Jamie Smith, the owner of Belle's Smoking BBQ truck in Williamstown, changed the LGBTQ acronym to Liberty, Guns, Bible, Trump and BBQ, WXIX reported. He began selling the T-shirts two years ago.
“I found the acronym on Facebook and I just added the Q,” Smith told the television station.
The original LGBTQ acronym stands for lesbian, gay, bisexual, transgender and questioning affairs.
After selling “nearly 100” T-shirts with his altered acronym, Smith decided to peddle the shirts on Facebook. Now, he is catching some heat from people who believe his play on words is insensitive.
The post, which has since been taken down, was answered with messages labeling the shirts and the promotion "simple bigotry," WXIX reported.

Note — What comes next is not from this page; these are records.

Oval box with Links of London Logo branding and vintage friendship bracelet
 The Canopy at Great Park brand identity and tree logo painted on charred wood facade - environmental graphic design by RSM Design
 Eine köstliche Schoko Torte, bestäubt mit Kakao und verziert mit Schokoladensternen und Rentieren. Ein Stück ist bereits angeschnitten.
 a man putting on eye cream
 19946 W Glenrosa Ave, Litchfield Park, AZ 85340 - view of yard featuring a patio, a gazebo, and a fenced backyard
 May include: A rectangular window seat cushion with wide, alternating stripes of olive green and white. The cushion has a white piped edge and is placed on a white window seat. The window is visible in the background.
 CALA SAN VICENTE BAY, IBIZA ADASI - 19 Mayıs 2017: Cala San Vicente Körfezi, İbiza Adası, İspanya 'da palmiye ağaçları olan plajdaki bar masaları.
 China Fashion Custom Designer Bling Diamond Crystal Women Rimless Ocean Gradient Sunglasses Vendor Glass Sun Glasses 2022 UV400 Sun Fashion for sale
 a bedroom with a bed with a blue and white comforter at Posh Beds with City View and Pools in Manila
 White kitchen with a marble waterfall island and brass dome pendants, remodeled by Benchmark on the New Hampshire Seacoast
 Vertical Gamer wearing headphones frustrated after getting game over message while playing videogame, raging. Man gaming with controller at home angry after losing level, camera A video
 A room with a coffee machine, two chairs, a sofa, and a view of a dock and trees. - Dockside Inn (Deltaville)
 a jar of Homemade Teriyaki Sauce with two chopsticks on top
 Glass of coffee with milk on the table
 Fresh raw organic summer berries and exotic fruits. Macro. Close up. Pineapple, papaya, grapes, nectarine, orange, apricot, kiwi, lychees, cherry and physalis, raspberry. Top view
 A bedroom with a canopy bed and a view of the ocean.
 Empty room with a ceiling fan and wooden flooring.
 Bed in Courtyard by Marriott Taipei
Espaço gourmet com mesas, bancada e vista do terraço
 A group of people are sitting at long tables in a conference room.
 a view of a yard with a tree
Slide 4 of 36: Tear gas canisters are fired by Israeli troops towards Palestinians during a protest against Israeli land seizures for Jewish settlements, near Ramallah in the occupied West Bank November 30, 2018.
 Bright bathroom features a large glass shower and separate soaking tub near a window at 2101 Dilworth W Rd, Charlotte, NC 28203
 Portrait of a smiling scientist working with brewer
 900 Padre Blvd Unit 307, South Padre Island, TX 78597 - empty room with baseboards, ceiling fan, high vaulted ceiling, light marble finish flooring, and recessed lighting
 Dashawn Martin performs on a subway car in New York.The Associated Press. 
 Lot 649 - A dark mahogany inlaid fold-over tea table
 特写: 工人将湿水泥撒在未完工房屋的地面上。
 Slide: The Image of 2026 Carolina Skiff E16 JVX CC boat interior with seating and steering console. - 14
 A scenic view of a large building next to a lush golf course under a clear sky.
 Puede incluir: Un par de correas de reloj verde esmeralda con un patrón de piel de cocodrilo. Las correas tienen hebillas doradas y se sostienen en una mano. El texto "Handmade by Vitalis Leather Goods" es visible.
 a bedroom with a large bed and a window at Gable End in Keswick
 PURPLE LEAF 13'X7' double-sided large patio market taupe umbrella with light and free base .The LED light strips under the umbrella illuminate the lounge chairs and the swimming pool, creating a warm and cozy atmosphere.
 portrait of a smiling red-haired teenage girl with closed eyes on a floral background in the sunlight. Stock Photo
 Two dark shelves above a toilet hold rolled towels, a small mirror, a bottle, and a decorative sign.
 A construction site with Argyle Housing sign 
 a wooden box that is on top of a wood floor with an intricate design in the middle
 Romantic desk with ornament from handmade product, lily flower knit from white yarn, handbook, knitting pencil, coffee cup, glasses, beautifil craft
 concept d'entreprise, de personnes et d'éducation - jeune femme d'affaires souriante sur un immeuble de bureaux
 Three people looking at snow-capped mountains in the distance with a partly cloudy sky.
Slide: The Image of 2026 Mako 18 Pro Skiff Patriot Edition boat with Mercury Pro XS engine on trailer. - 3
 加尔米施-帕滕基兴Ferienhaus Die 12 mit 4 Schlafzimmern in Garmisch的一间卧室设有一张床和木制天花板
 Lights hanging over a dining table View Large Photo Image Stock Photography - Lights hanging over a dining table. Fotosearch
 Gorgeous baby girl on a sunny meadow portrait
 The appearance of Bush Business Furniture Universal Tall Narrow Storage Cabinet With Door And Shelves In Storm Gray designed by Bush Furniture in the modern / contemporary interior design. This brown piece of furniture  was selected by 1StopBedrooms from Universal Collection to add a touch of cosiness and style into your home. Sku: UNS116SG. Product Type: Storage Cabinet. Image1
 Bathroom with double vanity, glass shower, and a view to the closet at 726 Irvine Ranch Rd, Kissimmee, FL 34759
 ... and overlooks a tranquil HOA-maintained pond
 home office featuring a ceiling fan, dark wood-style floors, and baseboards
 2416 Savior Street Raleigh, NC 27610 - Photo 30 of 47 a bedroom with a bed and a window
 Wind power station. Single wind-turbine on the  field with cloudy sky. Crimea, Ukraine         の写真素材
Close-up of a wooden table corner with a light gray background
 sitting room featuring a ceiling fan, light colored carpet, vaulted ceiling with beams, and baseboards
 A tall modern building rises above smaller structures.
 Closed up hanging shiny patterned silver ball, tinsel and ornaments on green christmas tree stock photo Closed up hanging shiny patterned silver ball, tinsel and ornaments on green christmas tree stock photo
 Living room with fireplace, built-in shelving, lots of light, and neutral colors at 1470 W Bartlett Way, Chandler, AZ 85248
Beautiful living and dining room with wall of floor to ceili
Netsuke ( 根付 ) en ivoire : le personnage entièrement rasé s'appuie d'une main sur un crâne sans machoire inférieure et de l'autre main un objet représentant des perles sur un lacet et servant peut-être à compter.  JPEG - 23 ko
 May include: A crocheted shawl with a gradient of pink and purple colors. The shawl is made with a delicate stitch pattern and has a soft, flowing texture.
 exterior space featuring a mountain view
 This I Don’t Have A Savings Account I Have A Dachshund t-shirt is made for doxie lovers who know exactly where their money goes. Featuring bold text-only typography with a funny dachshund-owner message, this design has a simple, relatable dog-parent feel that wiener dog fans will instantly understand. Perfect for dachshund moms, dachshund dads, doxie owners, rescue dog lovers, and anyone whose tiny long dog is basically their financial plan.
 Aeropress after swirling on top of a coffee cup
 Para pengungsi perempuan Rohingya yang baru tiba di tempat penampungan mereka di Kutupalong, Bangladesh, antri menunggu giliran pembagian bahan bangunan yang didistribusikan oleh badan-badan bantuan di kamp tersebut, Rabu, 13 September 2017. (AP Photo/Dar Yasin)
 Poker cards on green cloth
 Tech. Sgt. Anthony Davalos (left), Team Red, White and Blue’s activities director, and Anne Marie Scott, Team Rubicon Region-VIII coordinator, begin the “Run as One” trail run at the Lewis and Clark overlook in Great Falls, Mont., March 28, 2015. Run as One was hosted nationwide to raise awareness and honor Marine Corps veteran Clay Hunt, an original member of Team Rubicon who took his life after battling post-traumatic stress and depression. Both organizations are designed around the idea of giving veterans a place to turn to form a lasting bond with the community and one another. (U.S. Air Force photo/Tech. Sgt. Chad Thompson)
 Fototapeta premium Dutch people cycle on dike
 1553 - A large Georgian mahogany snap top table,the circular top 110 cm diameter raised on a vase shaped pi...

"I posted it at about 6, and at about 10 a.m. is when the threatening calls came," Smith told the Louisville Courier Journal. "Social media went berserk."
Many of the comments came after the Louisville Fairness Campaign group, which fights gender and sexual discrimination, shared the post on its Facebook page, the newspaper reported.
Chris Hartman, the group’s executive director, called Smith’s marketing plan “a bad idea.”
"The first thing I thought when I saw it was, 'What a bad idea,'" Hartman told the Courier Journal. "What a bad business model, to automatically isolate not just a segment of your potential customer base, but all of their family and friends."
Smith took down the post, WXIX reported, replacing it with a note that read, in part, "We apologize if we have offended any groups of people, organizations or individuals with our shirts. We respect all beliefs and lifestyles and want no ill will towards anyone."
Despite the grilling, Smith said he will continue to sell the shirts, which are currently out of stock.
"At the end of the day we have to stand for what we believe in and. like I said, if I offended anyone that wasn't our intention but it was just a play on words," Smith told WXIX.